Overall it doesn’t work – the placement on the page, the jarring (rather than intriguing) contrast between organic letters and polished page.
Pluses: the feel and finish of the paper. It is still soft and pliable, I think it could be stitched into by hand or machine, it has an interesting texture and a lovely soft metallic glow. I wonder if the structure gel and iridescent combo would work on fabric without changing the hand too much.
Wednesday 24th. Experimenting with simplified shapes, using charcoal pencils and a number of different black pens.
Thursday 25th. Scanned the previous day’s page, and selected one shape for further pattern development. All of the versions on the right were created using gimp. I like the sense of movement in the individual shape, and think it works quite well in the different repeats.
Friday 26th. I had an indigo dye day coming up (more on that in a later post). I wanted to create a design that combined a shibori effect and the mottling of indigo with another level of patterning. The image on the left was a simulation of the design.
Plan A was to print the bracken on silk, direct from the computer on silk ironed on to freezer paper. I’ve done this years ago, on a different printer. This time I jumped straight in to A3 size on my quite new printer (which has a rear feed, so no rollers to go around). I didn’t get good adhesion on the freezer paper, tried to print anyway and the silk got caught part way through. After some anxious moments I cleared everything and the printer seems to have survived – but it was time for Plan B.
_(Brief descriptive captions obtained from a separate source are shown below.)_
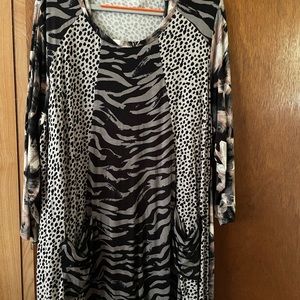 LOGO Layers by Lori Goldstein Multi Print Top size XL w/ matching Tank size 1X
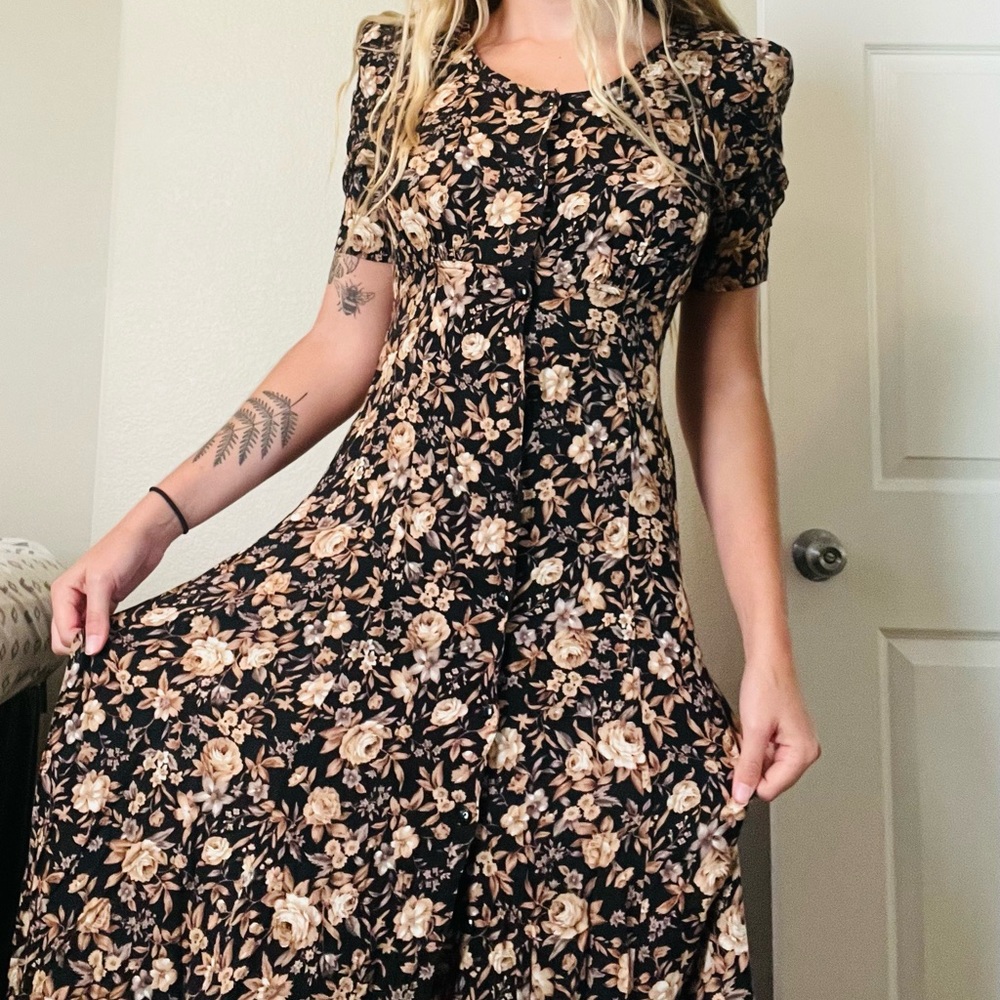LAST PRICE DROP Beautiful vintage floral dress - Picture 4 of 5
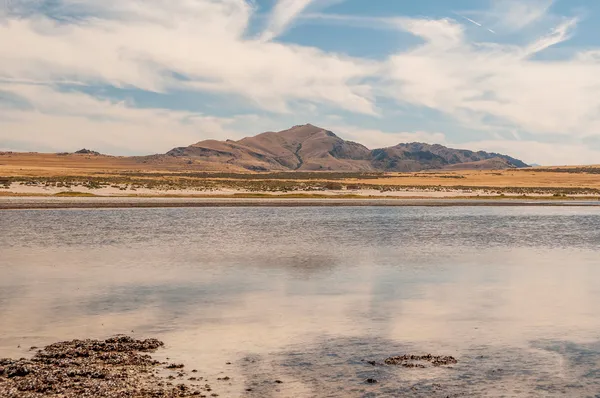 Gran paisaje de lago salado . — Foto de Stock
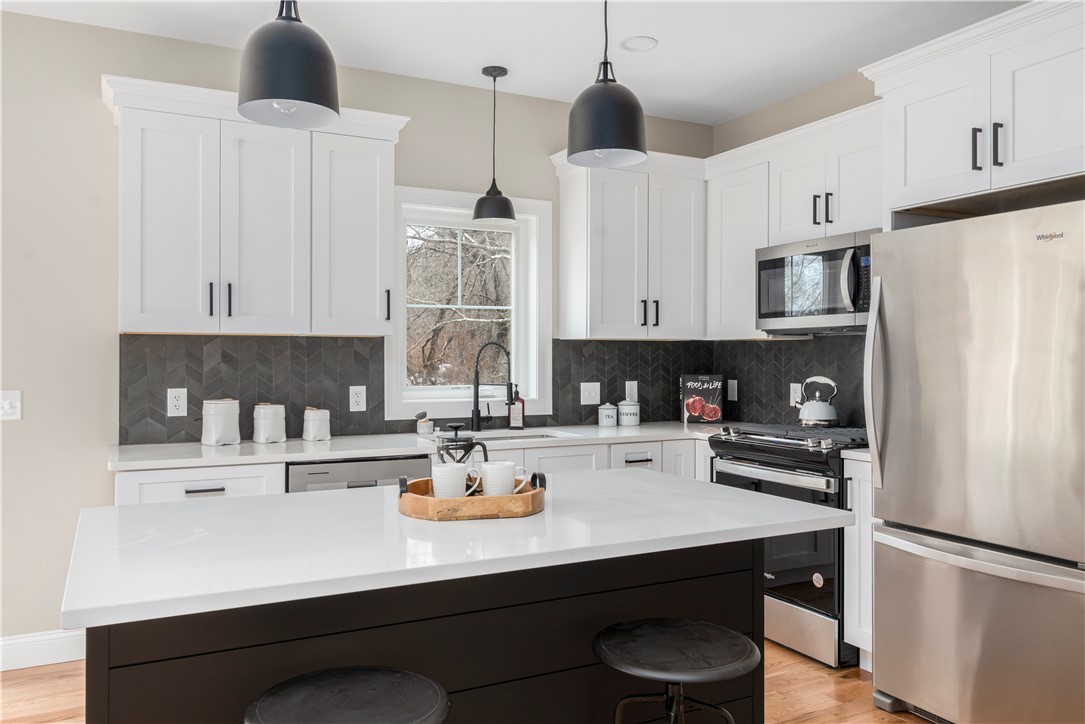 81 Ninigret Road Narragansett, RI 02882 - Photo 4 of 29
Saturday 27th. Plan B: carving a stamp in ezy carve. The A4 page on the left shows the simplified pencil tracing I made of the bracken shape, and some proofs as I refined the carving of the stamp.
I tested the stamp (in red) over a printout of the original shape from the computer. The registration is off semi-deliberately – it’s hard at any time, and I think the movement is more interesting.
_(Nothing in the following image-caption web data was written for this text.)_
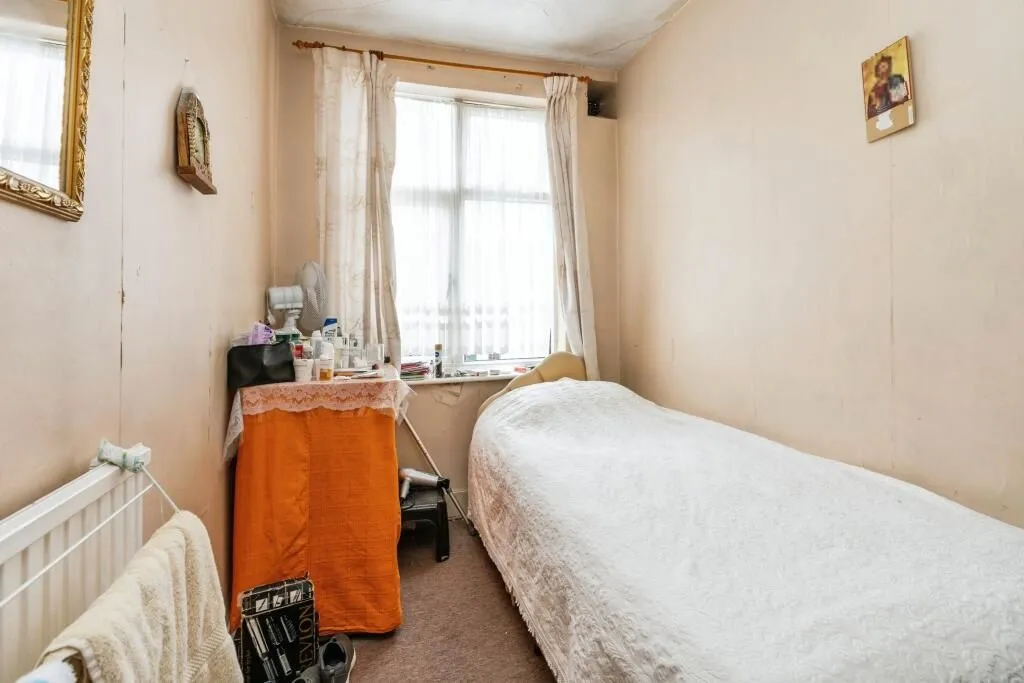 London, N17 6AA - Online Auctions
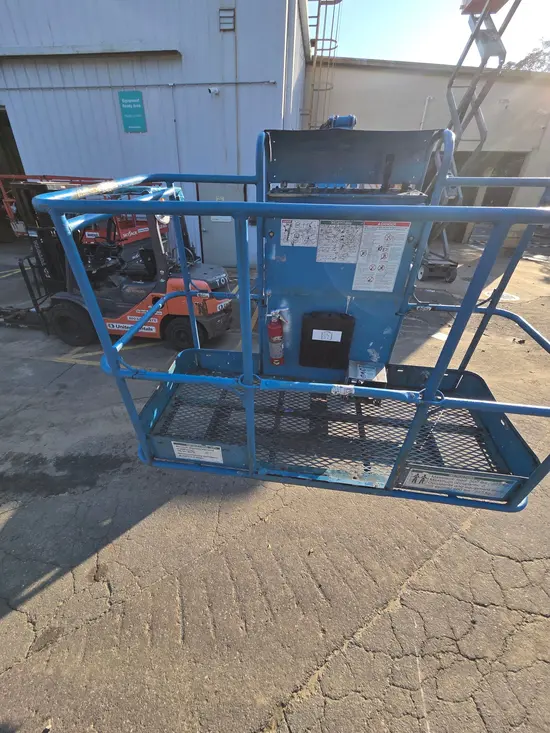 2014 Genie Z-45/25J DC Articulating Boom Lift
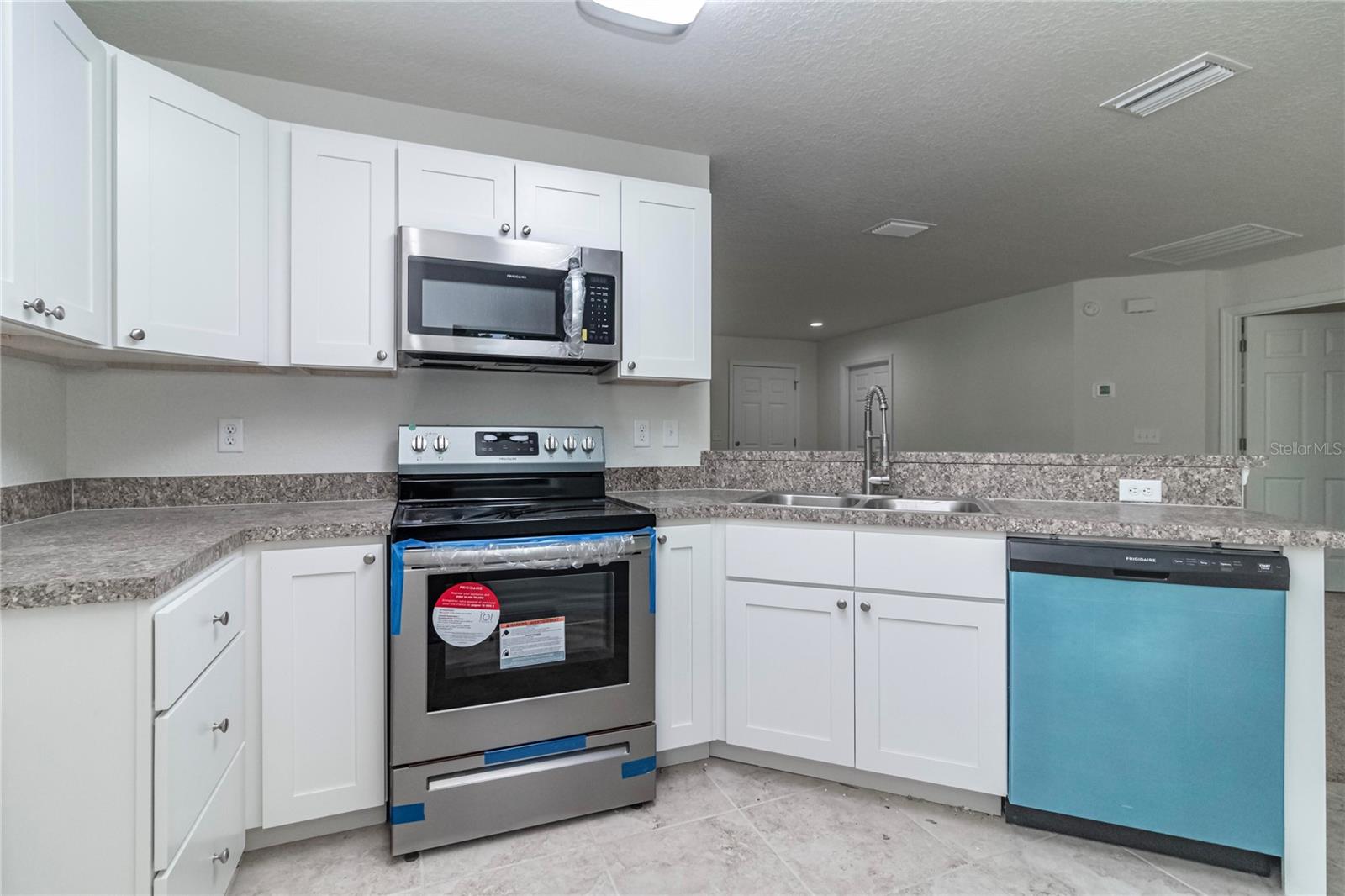 SILVER SPGS SHORES UN 24 - Residential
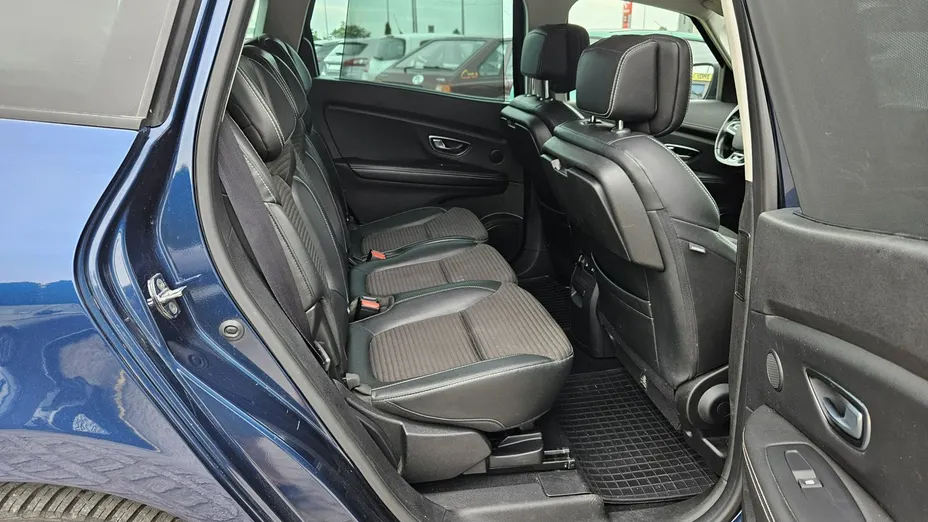 RENAULT Grand Scenic -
I chose some white linen and used black textile ink to stamp on my design.
Sunday 28th and Monday 29th. Around A3 size, this was a new combination of techniques used over the past couple of weeks. I used the carved stamp with acrylic paints onto tissue paper. The colour mixing was similar to the previous Monday. The leaves were torn out by hand – I wanted to stay with an organic feel, and liked a variable boundary around the shape. The individual pieces were stuck onto a tissue paper base using mod podge – rollered on for a light uniform coverage. When that was dry I used some structure medium over the top to integrate the surface, stamping into it with the carved stamp to create more texture.
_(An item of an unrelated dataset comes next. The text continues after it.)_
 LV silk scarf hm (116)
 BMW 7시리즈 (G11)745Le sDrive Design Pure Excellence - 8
I like the back-lit photo. A nice glow, and some interest from overlapping colours and pattern. It could be useful to have something that is equally interesting in both back and front lighting. It’s light and soft and pliable, but there’s a plasticy feel to the surface – I think you’d need a sharp needle to punch through. Even after a couple of days the surface is still a bit sticky which could cause challenges in use.
On Monday I also prepared fabrics ready for indigo the next day.
Tuesday 30th. This shows the stamped linen, now dyed with indigo. The section shown is around A3 size – there is some plain border around it. The patterning was a whip stitch over single folds the length of the fabric. Some refinement is needed, scales and spacing aren’t quite right. Just a bit more space between stitching and the stamps would help. The stamping might show up a bit better with a minute or two less in the vat. However I regard it as a successful experiment in showing that shibori patterns can work in combination with other elements in a design.